Researchers inform smokers, who suffer from bad premenstrual syndrome (PMS) symptoms, to throw the cigarettes away. According to a study, at the University of Massachusetts in Amherst, was found that women aged 27 to 44 years who smoke are likely to get premenstrual syndrome. These women can have such symptoms: backaches, bloating, acne and tenderness of the breasts.
Researchers also found that women who were current smokers had 2.1 times the probability of reporting the development of PMS in the next 2 to 4 years, as compared to their non-smoking compatriots. But the main finding of this study was that the more one smoked, the greater is the risk of developing such symptoms.
Dr. Elizabeth R Bertone-Johnson, said: "Our findings lend further support to the idea that smoking increases the risk of moderate to severe PMS, and provides another reason for women, especially adolescents and young women, not to smoke."
Higher risk to getting the PMS symptoms has ladies who started smoking during adolescence or young adulthood. For example, those who picked up smoking before turning 15 had 2.53 times the likelihood of getting PMS.
Dr. Bertone-Johnson said also that they found that women, who start smoking at younger ages, smoke for more years than those starting when they are older.
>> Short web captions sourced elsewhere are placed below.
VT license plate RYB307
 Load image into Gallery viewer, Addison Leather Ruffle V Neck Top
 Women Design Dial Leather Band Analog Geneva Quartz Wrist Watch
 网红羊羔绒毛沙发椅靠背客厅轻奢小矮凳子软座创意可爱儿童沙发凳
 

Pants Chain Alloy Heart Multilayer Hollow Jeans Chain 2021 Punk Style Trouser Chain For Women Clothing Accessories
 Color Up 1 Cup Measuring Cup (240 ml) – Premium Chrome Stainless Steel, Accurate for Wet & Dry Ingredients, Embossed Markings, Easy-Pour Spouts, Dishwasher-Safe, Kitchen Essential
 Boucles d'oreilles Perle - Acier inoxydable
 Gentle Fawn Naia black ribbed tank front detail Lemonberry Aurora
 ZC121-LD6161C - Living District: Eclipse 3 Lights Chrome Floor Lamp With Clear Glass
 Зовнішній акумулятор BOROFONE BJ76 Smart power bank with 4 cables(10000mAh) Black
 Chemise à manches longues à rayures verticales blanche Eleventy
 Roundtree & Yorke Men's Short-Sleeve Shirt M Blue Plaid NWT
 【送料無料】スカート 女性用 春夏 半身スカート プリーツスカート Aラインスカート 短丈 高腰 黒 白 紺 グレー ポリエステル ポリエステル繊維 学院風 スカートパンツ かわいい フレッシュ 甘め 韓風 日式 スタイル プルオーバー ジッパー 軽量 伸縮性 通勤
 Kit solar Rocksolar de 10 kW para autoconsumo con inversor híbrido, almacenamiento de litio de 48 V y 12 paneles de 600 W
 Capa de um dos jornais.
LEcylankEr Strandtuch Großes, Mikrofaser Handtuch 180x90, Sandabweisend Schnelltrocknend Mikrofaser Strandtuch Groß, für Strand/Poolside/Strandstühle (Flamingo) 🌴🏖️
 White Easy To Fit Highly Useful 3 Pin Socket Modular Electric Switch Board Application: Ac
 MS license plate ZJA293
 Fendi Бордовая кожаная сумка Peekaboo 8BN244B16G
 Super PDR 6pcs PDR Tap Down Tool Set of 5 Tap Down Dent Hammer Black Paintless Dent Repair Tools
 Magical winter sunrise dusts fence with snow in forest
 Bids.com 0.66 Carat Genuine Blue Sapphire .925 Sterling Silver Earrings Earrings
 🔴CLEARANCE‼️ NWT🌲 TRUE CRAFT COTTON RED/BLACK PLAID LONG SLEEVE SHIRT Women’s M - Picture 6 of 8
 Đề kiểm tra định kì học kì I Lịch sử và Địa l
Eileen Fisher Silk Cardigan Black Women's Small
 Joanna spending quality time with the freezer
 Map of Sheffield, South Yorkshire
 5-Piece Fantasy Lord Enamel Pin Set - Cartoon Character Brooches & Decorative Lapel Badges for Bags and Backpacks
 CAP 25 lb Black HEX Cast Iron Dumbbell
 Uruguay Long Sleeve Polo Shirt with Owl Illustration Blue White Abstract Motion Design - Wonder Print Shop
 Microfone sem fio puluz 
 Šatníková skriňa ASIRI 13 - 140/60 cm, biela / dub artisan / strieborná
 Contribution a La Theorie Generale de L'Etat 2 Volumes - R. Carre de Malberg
This is very important information for women who started to smoke when they were youngster. Additional research on the impact of smoking at different times in women's lives is always needed.
PMS symptoms are not very well understood by the medical community, although many believe that the role of hormones play the main role in this symptoms. And smoking have been shown to affect certain hormone levels, increasing in this way the risk of moderate to severe PMS.